With the end of winter just around the corner, so comes the inevitable Party Season™: the time of year when seemingly every friend, relative, workmate, and causal acquaintance is reaching a milestone age, having a baby, getting hitched, or finding some other excuse to take over your weekend with an endless stream of canapés and bubbly.
And while they’re often great affairs in their own right, often they come with a tonne of hidden costs. Dresses, travel, makeup, food, drinks, presents, and so much more can quickly turn a potentially fun event into a disaster for your bank balance. Thankfully, we’ve put our heads together to come up with some quick ways to get through the season without a tonne of debt in the end.
CONSIDER A DRESS HIRE
Want to have the most fire look of the day / evening / night, but don’t want to pay the exuberant price tags to achieve it? There’s a tonne of websites that offer dress hire within Australia, including places like Her Wardrobe and Rent A Dress. Likewise, checking buy / sell / trade groups on Facebook, or checking Gumtree also works. You’ll never know who shares your size, and is wanting to offload a pretty piece that they only wore for their One Big Thing. That way, you can look amazing AF without making your wallet cry in despair.
LOOK AT WAYS TO CUT YOUR PRESENT COSTS DOWN
If you’ve ever heard “you have to pay for your plate” or “wedding gifts have to be at least $100” when it comes to fancy parties, I’m here to tell you that advice is bs.
Frankly, people invite you because they like you, not your gift giving powers. So yes, it’s okay to split the cost of something with some mutual friends, or get something small, or even make something (if you’re the crafty type). Even pre-buying gifts in bulk is okay, to a degree. I have a friend who, when their local Borders closed down, went to town on their sales; they bought every type of book imaginable and all of their mates, myself included, received a different book that year. And, to be honest, it was still really nice and thoughtful every time.
And if you truly can’t afford something at this very moment, that is fine too. Give a nice card with a loving message, they’ll still love you in the end. I promise.
ONLY PARTIALLY ATTEND
This only really counts if you’ve been invited to a multi-part, or even a muti-day event. But if they’ve split things up and money’s tight, ask if you can go for one part (or a couple of parts) of their bigger shindig. For example, if they have a dinner planned, followed by a pub crawl, skipping the pub crawl will ensure you a have a tad more control over the costs. After all, it’s a couple of courses of dinner vs. potentially hours worth of drinks and nibbles throughout the night.

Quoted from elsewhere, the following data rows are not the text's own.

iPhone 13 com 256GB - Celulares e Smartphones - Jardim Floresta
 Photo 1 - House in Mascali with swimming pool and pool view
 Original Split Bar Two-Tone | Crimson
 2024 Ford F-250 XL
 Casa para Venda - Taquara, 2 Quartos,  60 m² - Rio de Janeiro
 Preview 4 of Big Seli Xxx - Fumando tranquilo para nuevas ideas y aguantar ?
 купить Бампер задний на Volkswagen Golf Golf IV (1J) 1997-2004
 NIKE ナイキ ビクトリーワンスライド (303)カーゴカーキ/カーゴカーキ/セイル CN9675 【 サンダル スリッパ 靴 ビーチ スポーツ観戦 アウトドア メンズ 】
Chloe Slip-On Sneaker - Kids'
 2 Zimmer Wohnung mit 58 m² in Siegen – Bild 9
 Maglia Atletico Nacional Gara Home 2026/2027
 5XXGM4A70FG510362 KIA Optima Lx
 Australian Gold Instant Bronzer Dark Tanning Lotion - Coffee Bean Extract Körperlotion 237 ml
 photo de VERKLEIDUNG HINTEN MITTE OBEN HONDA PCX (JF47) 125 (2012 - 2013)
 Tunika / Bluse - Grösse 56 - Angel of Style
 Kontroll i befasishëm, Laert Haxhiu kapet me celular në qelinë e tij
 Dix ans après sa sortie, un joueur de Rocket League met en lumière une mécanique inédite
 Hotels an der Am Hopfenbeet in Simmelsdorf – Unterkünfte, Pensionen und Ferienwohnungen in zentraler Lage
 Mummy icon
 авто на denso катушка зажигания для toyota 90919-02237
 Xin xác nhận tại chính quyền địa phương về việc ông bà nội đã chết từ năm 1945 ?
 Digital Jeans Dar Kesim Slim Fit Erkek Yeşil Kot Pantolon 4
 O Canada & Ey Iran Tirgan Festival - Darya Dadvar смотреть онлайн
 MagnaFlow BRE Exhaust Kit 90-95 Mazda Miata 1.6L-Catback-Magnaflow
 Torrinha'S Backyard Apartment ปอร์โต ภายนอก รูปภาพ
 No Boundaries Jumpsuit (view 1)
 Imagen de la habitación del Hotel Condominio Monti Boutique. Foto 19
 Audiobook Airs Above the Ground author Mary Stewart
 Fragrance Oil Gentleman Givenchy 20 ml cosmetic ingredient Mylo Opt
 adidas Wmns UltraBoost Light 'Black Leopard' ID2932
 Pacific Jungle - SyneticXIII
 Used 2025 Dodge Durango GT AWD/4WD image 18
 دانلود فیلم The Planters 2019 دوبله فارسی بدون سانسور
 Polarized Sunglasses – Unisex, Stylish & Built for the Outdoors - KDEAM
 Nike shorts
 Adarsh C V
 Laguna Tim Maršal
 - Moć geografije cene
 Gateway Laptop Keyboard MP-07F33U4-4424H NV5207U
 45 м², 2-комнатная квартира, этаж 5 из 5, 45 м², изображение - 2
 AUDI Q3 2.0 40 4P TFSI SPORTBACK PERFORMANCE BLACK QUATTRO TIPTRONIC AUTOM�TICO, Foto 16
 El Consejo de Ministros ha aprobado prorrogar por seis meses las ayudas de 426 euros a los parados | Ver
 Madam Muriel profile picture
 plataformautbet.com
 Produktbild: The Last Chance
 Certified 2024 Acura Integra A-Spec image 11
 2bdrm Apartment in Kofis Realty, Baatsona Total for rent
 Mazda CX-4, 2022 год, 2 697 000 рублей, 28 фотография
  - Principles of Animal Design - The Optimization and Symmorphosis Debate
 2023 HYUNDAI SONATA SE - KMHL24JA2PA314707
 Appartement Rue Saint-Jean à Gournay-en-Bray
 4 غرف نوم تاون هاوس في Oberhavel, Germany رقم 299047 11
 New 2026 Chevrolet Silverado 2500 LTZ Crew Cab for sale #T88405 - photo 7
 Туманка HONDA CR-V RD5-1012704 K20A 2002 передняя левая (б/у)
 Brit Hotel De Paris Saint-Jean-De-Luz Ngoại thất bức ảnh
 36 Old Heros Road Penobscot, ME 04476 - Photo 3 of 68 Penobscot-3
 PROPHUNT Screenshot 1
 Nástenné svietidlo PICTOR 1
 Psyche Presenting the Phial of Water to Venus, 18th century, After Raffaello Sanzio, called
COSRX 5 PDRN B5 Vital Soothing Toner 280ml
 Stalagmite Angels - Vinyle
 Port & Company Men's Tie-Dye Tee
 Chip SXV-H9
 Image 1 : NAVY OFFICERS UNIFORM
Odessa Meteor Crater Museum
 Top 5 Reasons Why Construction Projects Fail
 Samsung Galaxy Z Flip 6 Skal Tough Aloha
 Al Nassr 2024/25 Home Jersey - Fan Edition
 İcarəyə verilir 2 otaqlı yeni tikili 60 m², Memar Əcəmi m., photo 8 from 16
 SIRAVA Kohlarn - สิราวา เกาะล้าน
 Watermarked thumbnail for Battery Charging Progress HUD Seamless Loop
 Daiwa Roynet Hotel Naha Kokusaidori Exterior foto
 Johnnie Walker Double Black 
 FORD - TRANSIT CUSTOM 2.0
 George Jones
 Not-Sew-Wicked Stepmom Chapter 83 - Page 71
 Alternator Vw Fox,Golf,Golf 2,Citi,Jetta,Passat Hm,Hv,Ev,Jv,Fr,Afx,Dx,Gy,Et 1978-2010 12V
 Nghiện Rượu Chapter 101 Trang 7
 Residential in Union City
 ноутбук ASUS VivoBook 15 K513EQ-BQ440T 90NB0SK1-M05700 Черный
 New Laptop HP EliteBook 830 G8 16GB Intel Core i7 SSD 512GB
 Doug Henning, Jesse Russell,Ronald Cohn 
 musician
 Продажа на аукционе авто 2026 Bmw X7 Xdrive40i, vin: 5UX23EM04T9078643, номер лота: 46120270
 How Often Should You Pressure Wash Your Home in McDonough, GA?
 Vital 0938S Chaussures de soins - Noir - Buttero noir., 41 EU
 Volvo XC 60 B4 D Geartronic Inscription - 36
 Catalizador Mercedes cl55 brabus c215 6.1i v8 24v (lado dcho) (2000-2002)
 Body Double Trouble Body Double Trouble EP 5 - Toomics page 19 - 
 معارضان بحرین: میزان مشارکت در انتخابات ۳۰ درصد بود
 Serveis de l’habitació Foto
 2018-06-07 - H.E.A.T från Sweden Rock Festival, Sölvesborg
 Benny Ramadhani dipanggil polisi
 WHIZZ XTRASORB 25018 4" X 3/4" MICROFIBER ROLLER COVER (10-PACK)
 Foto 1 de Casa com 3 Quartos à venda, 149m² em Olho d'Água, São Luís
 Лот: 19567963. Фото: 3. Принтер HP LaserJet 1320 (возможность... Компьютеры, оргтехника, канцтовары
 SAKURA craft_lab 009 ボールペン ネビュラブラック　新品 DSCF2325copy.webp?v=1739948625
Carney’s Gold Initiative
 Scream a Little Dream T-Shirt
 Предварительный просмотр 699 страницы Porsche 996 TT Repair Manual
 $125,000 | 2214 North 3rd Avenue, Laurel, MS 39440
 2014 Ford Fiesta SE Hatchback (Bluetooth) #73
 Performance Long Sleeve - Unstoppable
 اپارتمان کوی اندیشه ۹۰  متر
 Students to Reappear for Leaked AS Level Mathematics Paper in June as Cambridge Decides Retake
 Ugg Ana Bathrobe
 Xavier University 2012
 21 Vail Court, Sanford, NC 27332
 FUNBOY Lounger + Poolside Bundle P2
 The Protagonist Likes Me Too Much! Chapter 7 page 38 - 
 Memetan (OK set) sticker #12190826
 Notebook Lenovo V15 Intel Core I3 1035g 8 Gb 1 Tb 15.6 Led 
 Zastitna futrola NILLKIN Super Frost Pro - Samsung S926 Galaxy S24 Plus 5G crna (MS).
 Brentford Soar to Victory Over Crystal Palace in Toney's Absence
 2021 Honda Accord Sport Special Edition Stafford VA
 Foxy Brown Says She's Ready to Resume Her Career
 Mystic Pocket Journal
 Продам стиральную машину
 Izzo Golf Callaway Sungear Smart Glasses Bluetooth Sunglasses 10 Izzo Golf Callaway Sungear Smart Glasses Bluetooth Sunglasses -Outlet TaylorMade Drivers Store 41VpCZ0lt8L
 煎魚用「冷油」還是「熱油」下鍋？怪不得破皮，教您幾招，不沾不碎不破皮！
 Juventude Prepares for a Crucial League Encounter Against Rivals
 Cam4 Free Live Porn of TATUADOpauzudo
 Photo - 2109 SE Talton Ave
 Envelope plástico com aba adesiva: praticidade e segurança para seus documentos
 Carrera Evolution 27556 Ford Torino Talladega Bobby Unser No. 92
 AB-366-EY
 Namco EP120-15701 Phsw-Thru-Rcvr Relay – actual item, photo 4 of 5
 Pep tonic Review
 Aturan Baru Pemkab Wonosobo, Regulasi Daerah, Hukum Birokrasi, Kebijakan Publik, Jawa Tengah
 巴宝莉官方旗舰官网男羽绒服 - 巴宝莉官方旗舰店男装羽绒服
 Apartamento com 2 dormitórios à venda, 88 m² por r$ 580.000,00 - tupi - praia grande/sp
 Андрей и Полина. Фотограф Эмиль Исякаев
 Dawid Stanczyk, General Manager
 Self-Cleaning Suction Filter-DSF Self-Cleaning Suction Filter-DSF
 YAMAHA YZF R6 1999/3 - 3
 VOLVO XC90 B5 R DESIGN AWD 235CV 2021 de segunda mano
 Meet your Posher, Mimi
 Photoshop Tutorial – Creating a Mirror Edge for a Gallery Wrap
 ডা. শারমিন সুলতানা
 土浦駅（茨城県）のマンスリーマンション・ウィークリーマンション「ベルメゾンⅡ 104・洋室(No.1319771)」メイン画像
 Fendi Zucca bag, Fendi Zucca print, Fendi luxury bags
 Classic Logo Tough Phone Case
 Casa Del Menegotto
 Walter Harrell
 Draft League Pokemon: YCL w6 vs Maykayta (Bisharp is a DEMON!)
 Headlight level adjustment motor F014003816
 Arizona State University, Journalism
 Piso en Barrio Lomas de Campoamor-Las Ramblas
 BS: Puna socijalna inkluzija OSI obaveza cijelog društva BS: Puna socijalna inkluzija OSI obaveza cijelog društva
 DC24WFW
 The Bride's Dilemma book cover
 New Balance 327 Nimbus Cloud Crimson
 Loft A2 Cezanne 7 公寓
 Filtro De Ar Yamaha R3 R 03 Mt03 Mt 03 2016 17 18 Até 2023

DON’T DRINK (OR MODERATE YOUR DRINKS)
As alluded to above, having a dry party is an easy way to cut your costs down by a lot. Yes, it may make you the life of the party, or make you a better dancer, or make you more talkative. We’ve heard it all. But drinks are expensive. Unless your host is covering the costs, you probably won’t want to blow all your dough on a fancy cocktails or craft beers during the event. Because the next thing you know you’re out of pocket $150 and you can’t remember a thing. Fun!
MILK THE EVENT FOR WHAT IT’S WORTH
Obviously the etiquette and optics around this change depending on which event you’re attending and how formal it is. But seriously, the monogrammed cupcakes, goodie bags, and vegan hors d’oeuvres are there to be enjoyed, not stared at from a distance. If anything, you are doing the host a favour by getting rid of surplus stuff. As both a former guest, host, and future host of a wedding, I say this with all sincerity: Please take as much free stuff as possible.
KEEP IT IN PERSPECTIVE
Look, just because it’s that someone’s birthday or baby shower or whatever, it doesn’t mean you need to get your hair and make up professionally done every time. In fact, most parties don’t need the effort you believe they need. It’s one thing to try and look your best. It’s another to go completely overboard and then end up overdressed for the occasion.
IT’S OKAY TO SAY NO
If they’ve invited you to go to a huge destination wedding, or a big birthday party in a regional winery, and you’re not in the financial place to go, it’s totally okay to give a cordial, “Thanks, but no thanks.” Likewise, if you are worried about how much your own out-of-pocket costs will be for something local, talk to the host about your options. Any good friend will be more than understanding. As mentioned before, they invited you because they like you being a part of their lives, not because they want you to go into financial hell on their behalf.
At the end of the day, just try and have a good time. Money should be the least of your worries.
The real worry is whether the guy or gal at the other table is flirting with you. You know, that one.
*The above article does not constitute financial product advice. You should consider obtaining independent financial advice before making any financial decisions.